Corporations are sitting on mounds of cash, but yet instead of investing in core business assets (CAPEX), they waste their cash on stock buybacks, over-inflated executive compensation packages, and other unconscionably conspicuous deployment of their capital in ways aimed at self-enrichment and short-term stock price over long-term productivity and sustainable long-term returns to the average shareholder.
Somewhere along the line it has even become an accepted norm, apparently, that a full 10% (or more) of all corporate profits will go to just the few top C-level employees. Seriously. Just pull up Google Finance and look at a few companies' total net profit values and compare it with what the top insiders are taking in compensation. It is truly appalling. Need some examples? You can choose nearly any company... they all look similar (thus, I am not saying any of these companies are worse than any others... most all are terrible these days in this sense):
- Try Lifeway Foods on Google Finance, which shows 16.16 million shares outstanding, EPS of 12 cents per share (thus making total earnings of just under $2 million USD). Now, go to Reuters and look at some of the top player's pay packages and share sales... a mere 3 individuals took home $3.3 million in basic compensation according to Reuters. Wow! Great use of capital guys! Ever heard of the average shareholder?

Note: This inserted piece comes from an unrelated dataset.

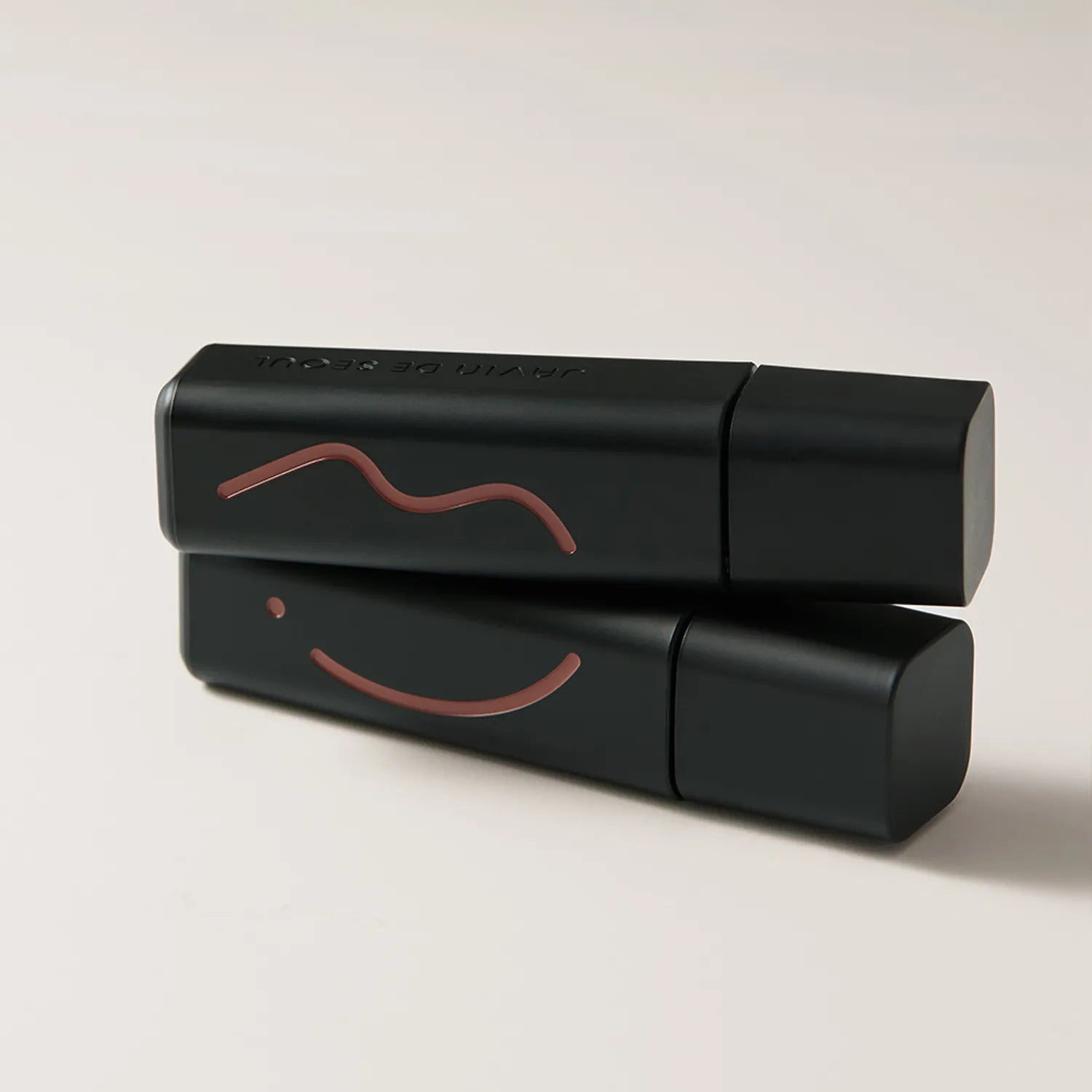 JAVIN DE SEOUL Wink Lip Shade Primer with elegant black packaging and artistic line design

If you directed two thirds of your inflated executive pay towards the corporate bottom line, your entire business would be in the black! And, presumably the share-price would go up quickly if a profit was attributed to shareholders and not just the entitled few insiders. And, you all own shares, which makes it even more crazy that you are unwilling to risk your cash pay for just share appreciation. What makes you all worth such great pay when your average shareholder has lost 50% in the past year? If you have so much capital that paying such salaries is the only efficient thing to do, perhaps you should consider the average shareholder first, or maybe some capital improvements for expansion or productivity improvements?

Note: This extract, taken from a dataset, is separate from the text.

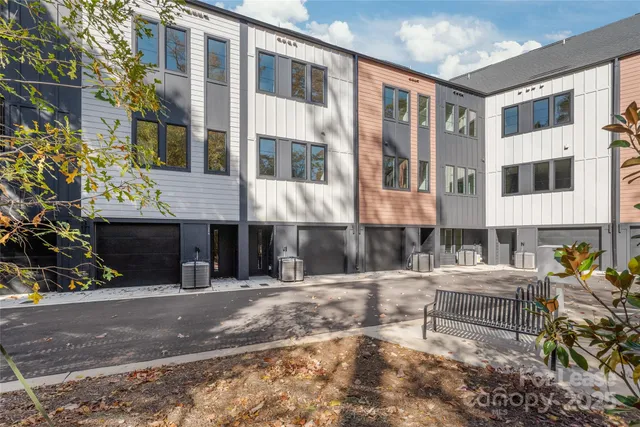 a view of a building with a bench in front of building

- Gee, let's look at Capstone Turbine on Google Finance,... wow... Reuters shows 4 guys pulling $2.2 million in basic compensation from a firm that loses money in a big way (net income: -$25 million annual). Unreal. Again, don't any of you overpaid self-rewarding insiders see anything even slightly wrong with this situation? Don't worry: Joe K. thinks you private sector guys are doing wonderful with your precious capital, if he truly includes you in his statement today.
- And, as to not leave out some big players, how about the likes of Chevron (G-finance site),... Google shows them losing 40 cents/share over past 4 quarters, or roughly $760 million dollars. But, as you might now expect, the top insiders are doing wonders with that precious capital: there is a nice $50 million dollars in otherwise useless capital that just had to be handed out to the five people that Reuters lists Chevron executive compensation for. Couldn't $50 million do anything at all to otherwise improve efficiency, even if it were R&D looking into efficiency gains?
There are so many examples of poor use of capital in private organizations, and their "overpaying for things" (something Joe claimed they can't do and survive), that I could go on for weeks (and not only regarding excessive pay packages). But, clearly Joe Kernen's appreciation of the private sector, and it's alleged ability to so effectively deploy capital, is due to some fantasy view he holds of modern corporate America versus a completely different reality. Is the public sector really so terrible at capital deployment compared to all this? Maybe. But the bar set by the private sector doesn't really seem terribly high.